Subject: Re: su -d ?
To: Greywolf <greywolf@starwolf.com>
From: Greg A. Woods <woods@weird.com>
List: tech-userlevel
Date: 04/28/2003 03:00:27
[ On Sunday, April 27, 2003 at 21:22:27 (-0700), Greywolf wrote: ]
> Subject: Re: su -d ?
>
>  But our 'su' is one that does things
> right:  It will set $HOME properly so that you get the .cshrc of the
> person you are becoming, instead of using the $HOME of the person you
> are su-ing _from_.  This is crucial!

Yes, I agree, this part it does do right.

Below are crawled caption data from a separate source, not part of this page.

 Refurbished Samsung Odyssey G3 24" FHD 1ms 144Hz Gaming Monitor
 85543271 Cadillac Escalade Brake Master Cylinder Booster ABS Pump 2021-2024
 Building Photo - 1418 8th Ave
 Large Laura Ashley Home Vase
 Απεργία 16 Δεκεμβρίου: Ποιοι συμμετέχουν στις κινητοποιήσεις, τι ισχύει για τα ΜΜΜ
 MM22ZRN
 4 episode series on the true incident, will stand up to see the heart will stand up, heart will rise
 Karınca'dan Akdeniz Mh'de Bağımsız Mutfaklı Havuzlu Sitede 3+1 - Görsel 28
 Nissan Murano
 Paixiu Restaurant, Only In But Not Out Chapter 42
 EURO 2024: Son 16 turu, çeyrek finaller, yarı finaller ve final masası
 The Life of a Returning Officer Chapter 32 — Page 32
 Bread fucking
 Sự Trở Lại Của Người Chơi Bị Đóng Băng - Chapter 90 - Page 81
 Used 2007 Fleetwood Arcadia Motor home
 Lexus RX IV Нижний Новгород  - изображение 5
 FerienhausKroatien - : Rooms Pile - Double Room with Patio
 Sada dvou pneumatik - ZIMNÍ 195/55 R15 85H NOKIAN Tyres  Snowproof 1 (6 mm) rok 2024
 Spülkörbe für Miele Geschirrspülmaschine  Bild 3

(Though I suppose I should admit that I use the fact that $ENV isn't
cleared by a plain "su root" so that I can get my personal aliases
without having to source them manually every time -- I really don't want
root's $ENV, if there even is one.  Note my systems don't have csh or
even any remnant of its uglyness.)

But that's only a tiny part of being safe by default.  The default
really should be to clear the rest of the environment, and maybe even
that should be forced all the time -- i.e. no option to keep any of the
environment that's not sanitized by 'su', at least for anyone who's not
already the superuser.

The only tricky part is that too many people would want too many
exceptions.  It probably would start with $TERM, then someone would
whine about $TERMCAP (and/or $TERMINFO), and soon you'd have some
mis-informed person asking to keep $PATH intact, or worse.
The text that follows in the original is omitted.